Après des menaces de nouveaux droits de douane, Donald Trump promettait embellie et paix au Canada qu’il aimerait devenir un Etat américain, mais vendredi dernier, le Premier ministre canadien a rompu les négociations. Des deux côtés, les droits de douane vont bondir.
Pourquoi ? Mark Carney, l’homme qui résiste aux Etats-Unis, s’est justifié en affirmant qu’il défendait l’usage de la langue français non seulement au Québec mais dans tout le Canada. En effet, l’administration Trump a exigé la suppression des subventions à la culture francophone, la remise en cause de la place des médias francophones en ligne et l’obligation d’étiquetage bilingue des produits vendus au Canada.

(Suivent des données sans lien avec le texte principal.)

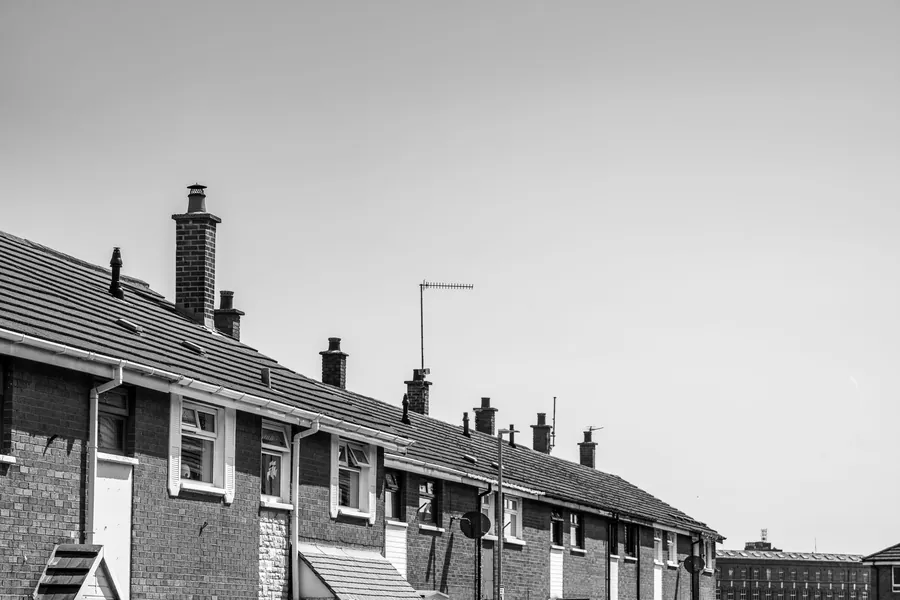 Black and white view of a brick terrace with white uPVC guttering, downpipes and a run of chimney stacks along the roofline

Washington s’élève contre les lois 96 et 109 du Québec qui affirment sa souveraineté culturelle et imposent une part de contenu en français sur les grandes plateformes et dans le numérique. Joe Biden n’appréciait pas mais respectait l’accord Canada-Etats-Unis-Mexique (Aceum) entré en vigueur en juillet 2020 qui autorise des subventions et des lois mettant la création à l’abri de la concurrence étrangère. Mais, l’an dernier, les services de Trump ont classé la détermination québécoise comme de « barrière technique » aux échanges commerciaux. Le Bureau du représentant du commerce des Etats-Unis estime que 20 % des entreprises américaines renoncent à exporter leur production vers le Québec en raison de ces contraintes, notamment du surcoût pour les étiquettes bilingues.
C’est en français que Mark Carney à qui l’on reprochait de mal le parler mais qui l’apprend, a annoncé la rupture car les États-Unis ont franchi une ligne rouge pour le Canada en demandant des concessions sur la protection du français. « Ici, au Québec, ici, au Canada, ce sont des droits fondamentaux », a-t-il déclaré. Il a aussi repris le slogan de la « Révolution tranquille » du Québec en 1962 : « Nous sommes maîtres chez nous ».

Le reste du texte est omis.